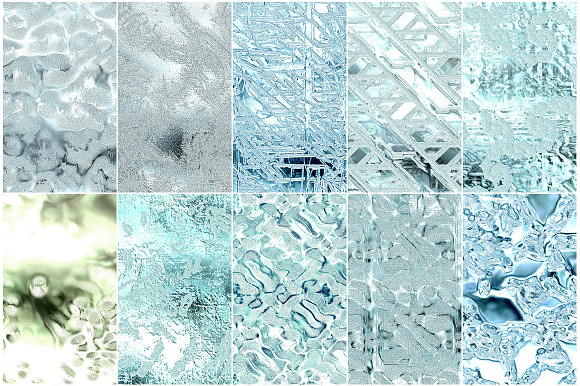 40 Ice Seamless HD Textures Bundle in Textures - product preview 2
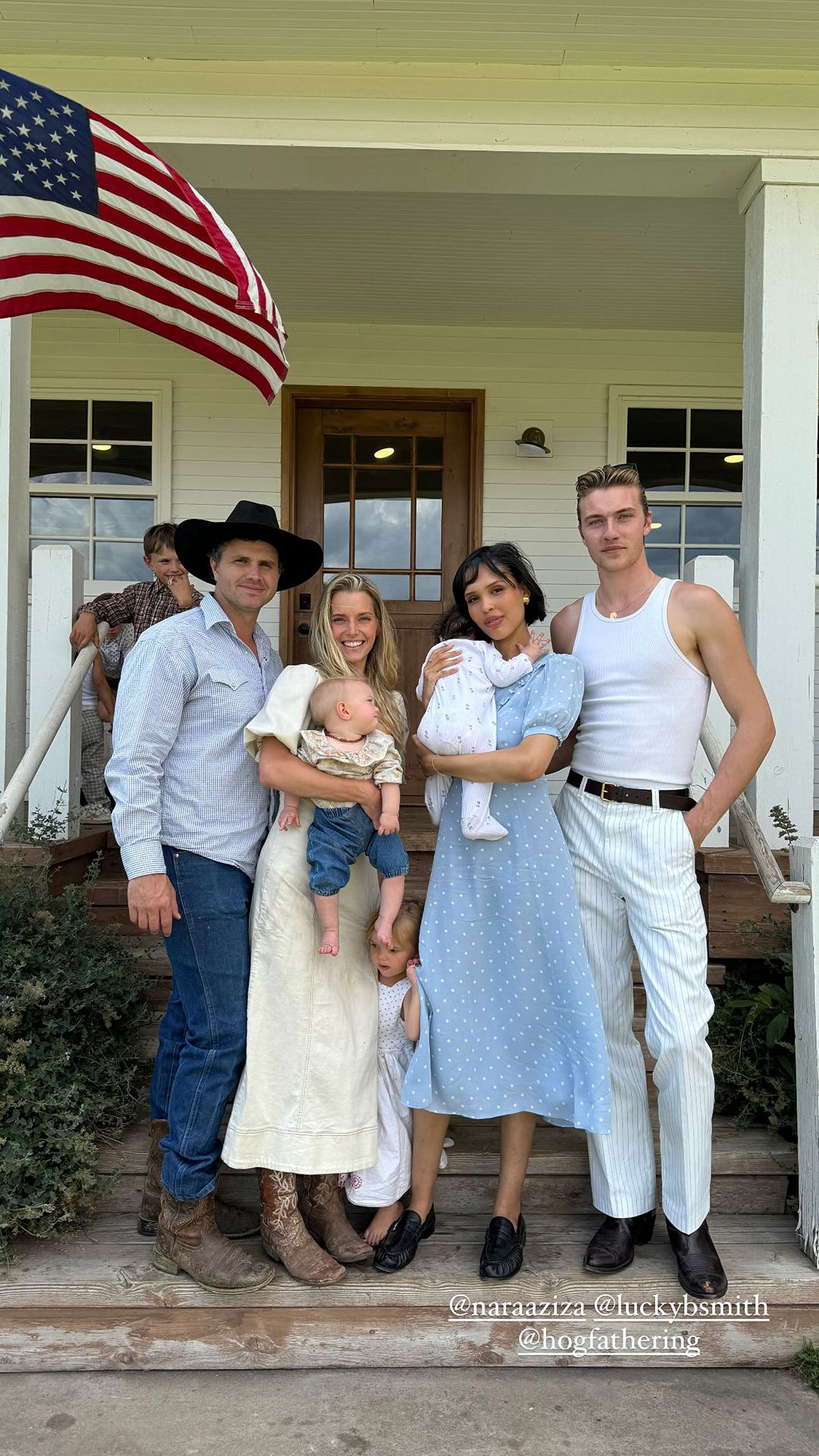 Nara und Lucky Blue Smith treffen sich mit Hannah Neeleman auf der Ballerina Farm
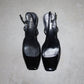 Prada Patent Peep Toe Wedges (38.5)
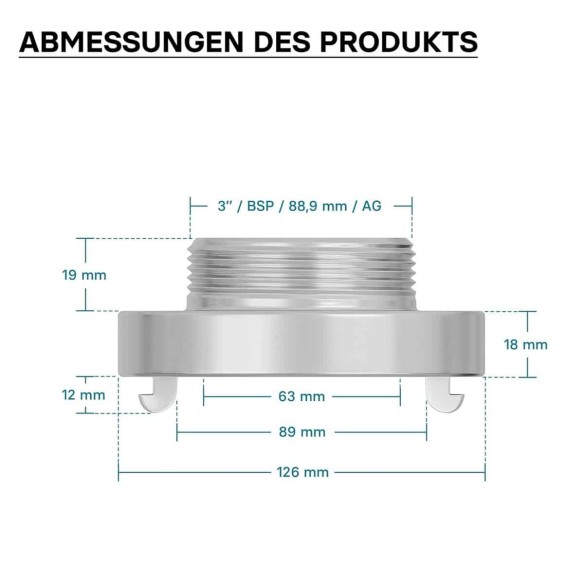 STORZ-Kupplung-3-Zoll-B-75mm-Festkupplung-mit-Aussengewinde-3-8745mm-aus-Aluminium-7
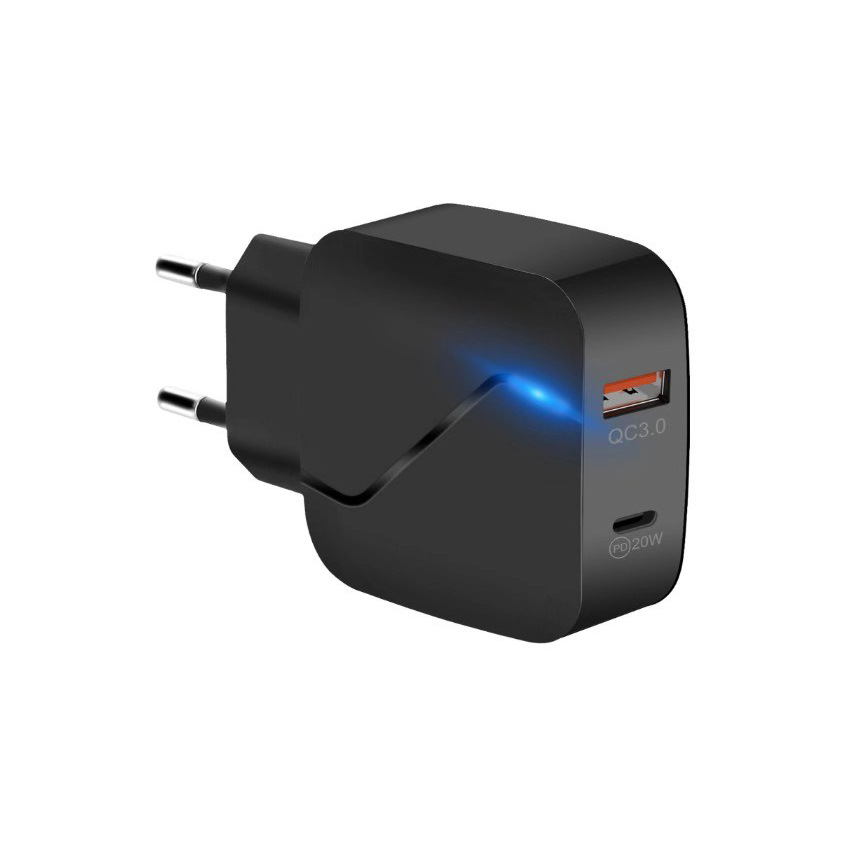 新款快充充电器 usb 18w急速快充 type-c 20w闪电快充 通电指示灯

# PROBLEM REQUIREMENTS:
Could you restate every record above word for word, dropping the pictures?

# RESULT OF THIS TASK:
 40 Ice Seamless HD Textures Bundle in Textures - product preview 2
 Nara und Lucky Blue Smith treffen sich mit Hannah Neeleman auf der Ballerina Farm
 Prada Patent Peep Toe Wedges (38.5)
 STORZ-Kupplung-3-Zoll-B-75mm-Festkupplung-mit-Aussengewinde-3-8745mm-aus-Aluminium-7
 新款快充充电器 usb 18w急速快充 type-c 20w闪电快充 通电指示灯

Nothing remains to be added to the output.